Web page caption snippets:
================
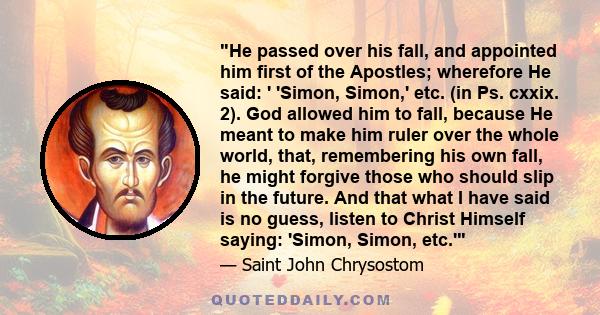 He passed over his fall, and appointed him first of the Apostles; wherefore He said: ' 'Simon, Simon,' etc. (in Ps. cxxix. 2). God allowed him to fall, because He meant to make him ruler over the whole world, that,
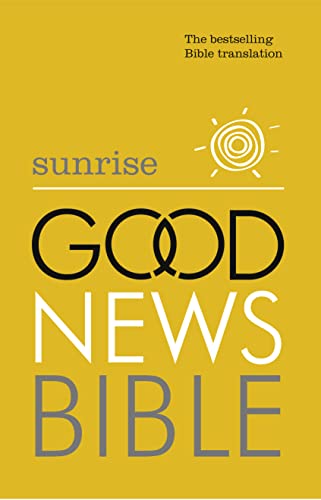 Sunrise Good News Bible (GNB): The Bestselling Bible Translation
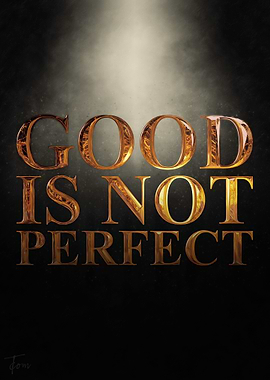 Good is not perfect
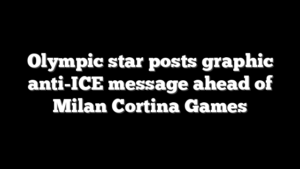 Olympic star posts graphic anti-ICE message ahead of Milan Cortina Games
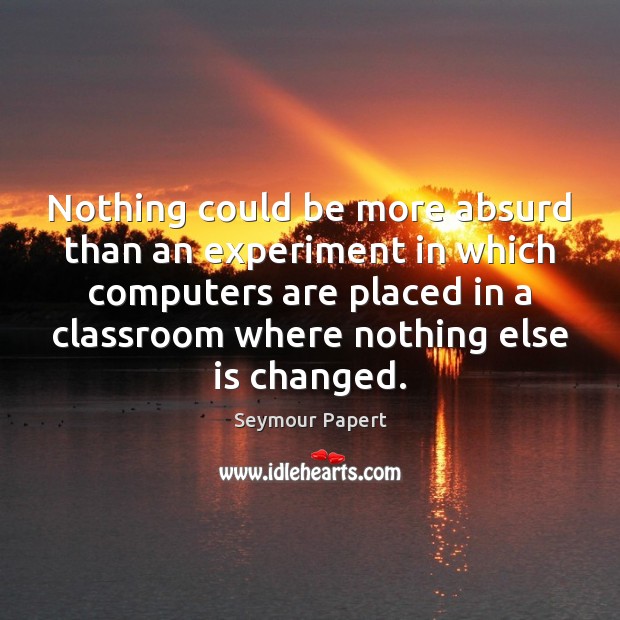 Nothing could be more absurd than an experiment in which computers are Seymour Papert Picture Quote
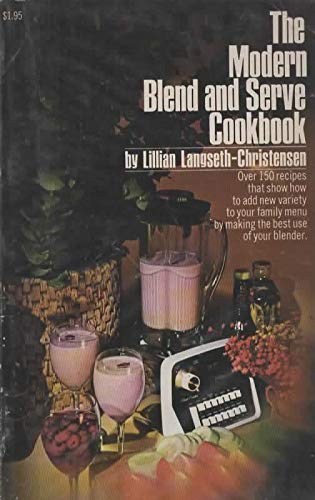 Beispielbild fr The modern blend and serve cookbook zum Verkauf von ThriftBooks-Atlanta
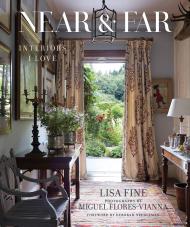 Near & Far: Interiors I Love Lisa Fine, Miguel Flores-Vianna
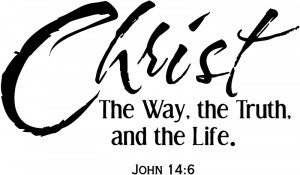 Christ The Way, The Truth, And The Life John 14:6 Quote Wall Sticker ...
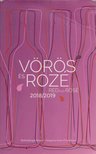 Vörös és rozé / Red and Rosé 2018/2019 [antikvár]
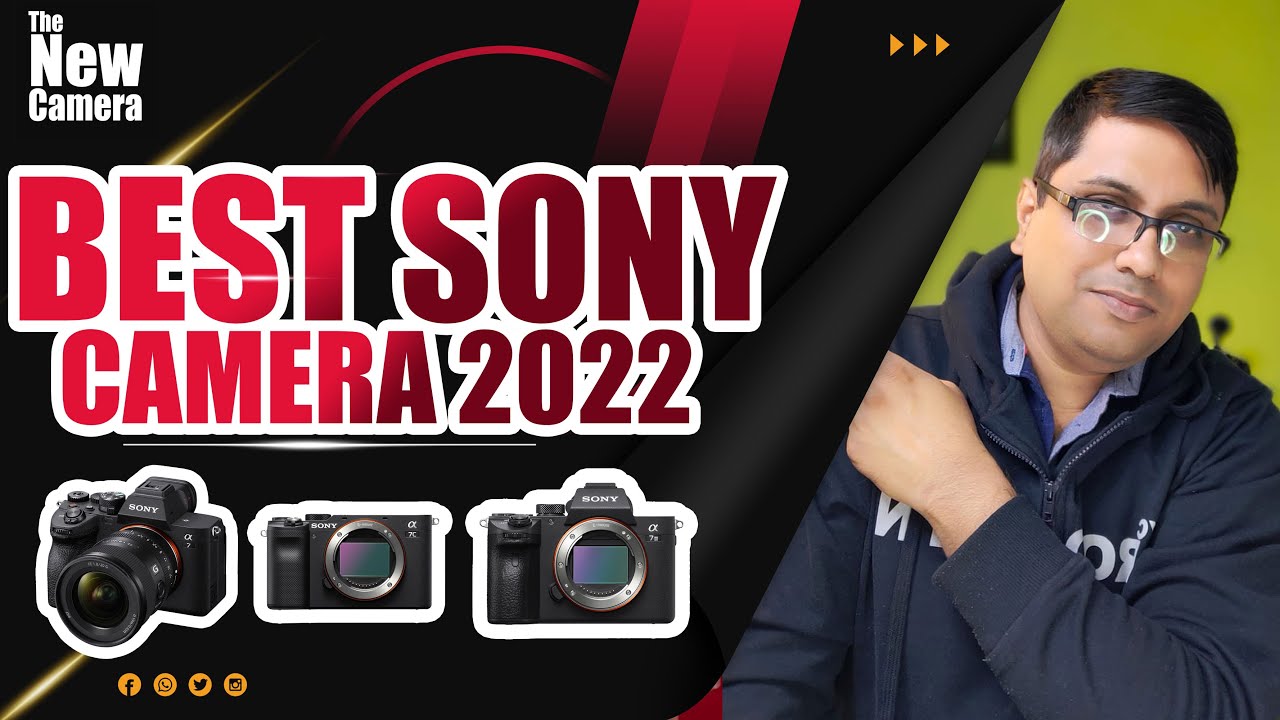 Top 10 Best Sony Camera 2022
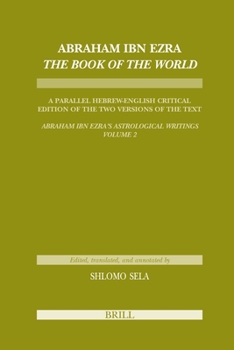 Hardcover Abraham Ibn Ezra the Book of the World: A Parallel Hebrew English Critical Edition of the Two Versions of the Text. Abraham Ibn Era's Astrological Wri Book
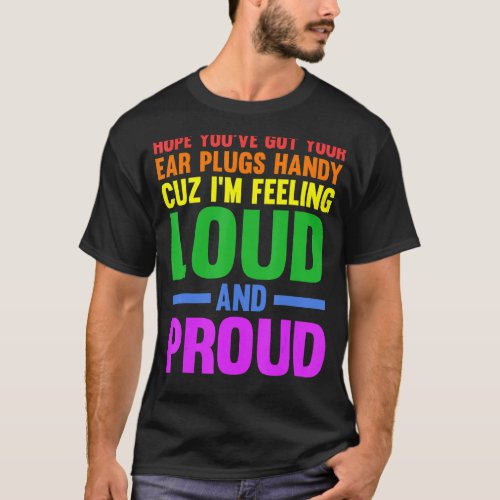 Hope youve got your ear plugs handy gay pride T_Shirt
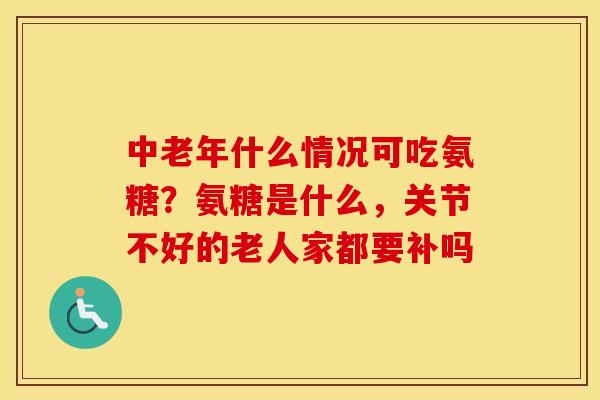 中老年什么情况可吃氨糖？氨糖是什么，关节不好的老人家都要补吗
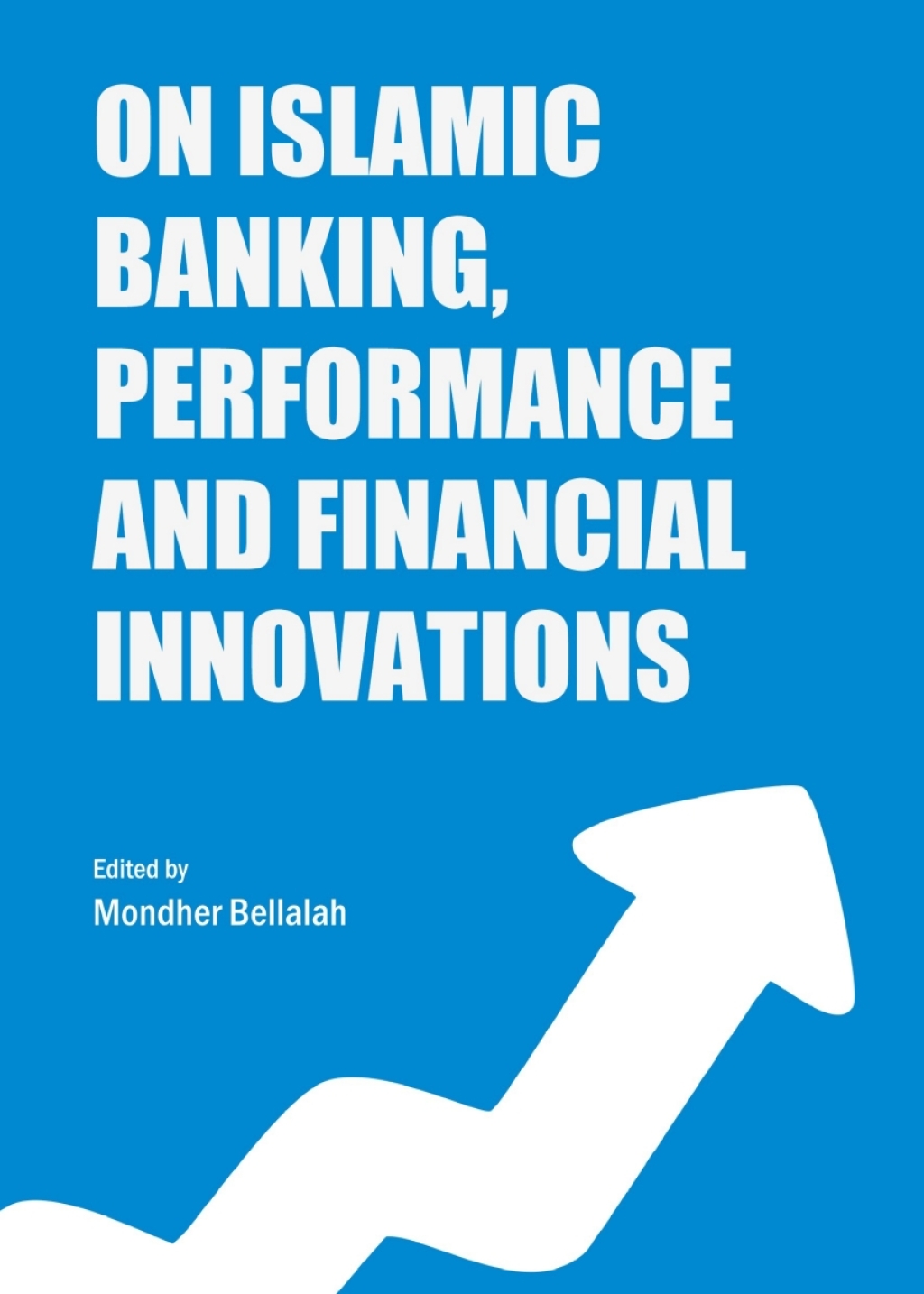 On Islamic Banking, Performance and Financial Innovations 1st Edition â€“ PDF/EPUB Version Downloadable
================
Exercise requirements: Please, leaving out all pictures, transcribe exactly the lines above from the one containing "Hardcover Abraham Ibn" through the final line, both included.

Task solution:
 Hardcover Abraham Ibn Ezra the Book of the World: A Parallel Hebrew English Critical Edition of the Two Versions of the Text. Abraham Ibn Era's Astrological Wri Book
 Hope youve got your ear plugs handy gay pride T_Shirt
 中老年什么情况可吃氨糖？氨糖是什么，关节不好的老人家都要补吗
 On Islamic Banking, Performance and Financial Innovations 1st Edition â€“ PDF/EPUB Version Downloadable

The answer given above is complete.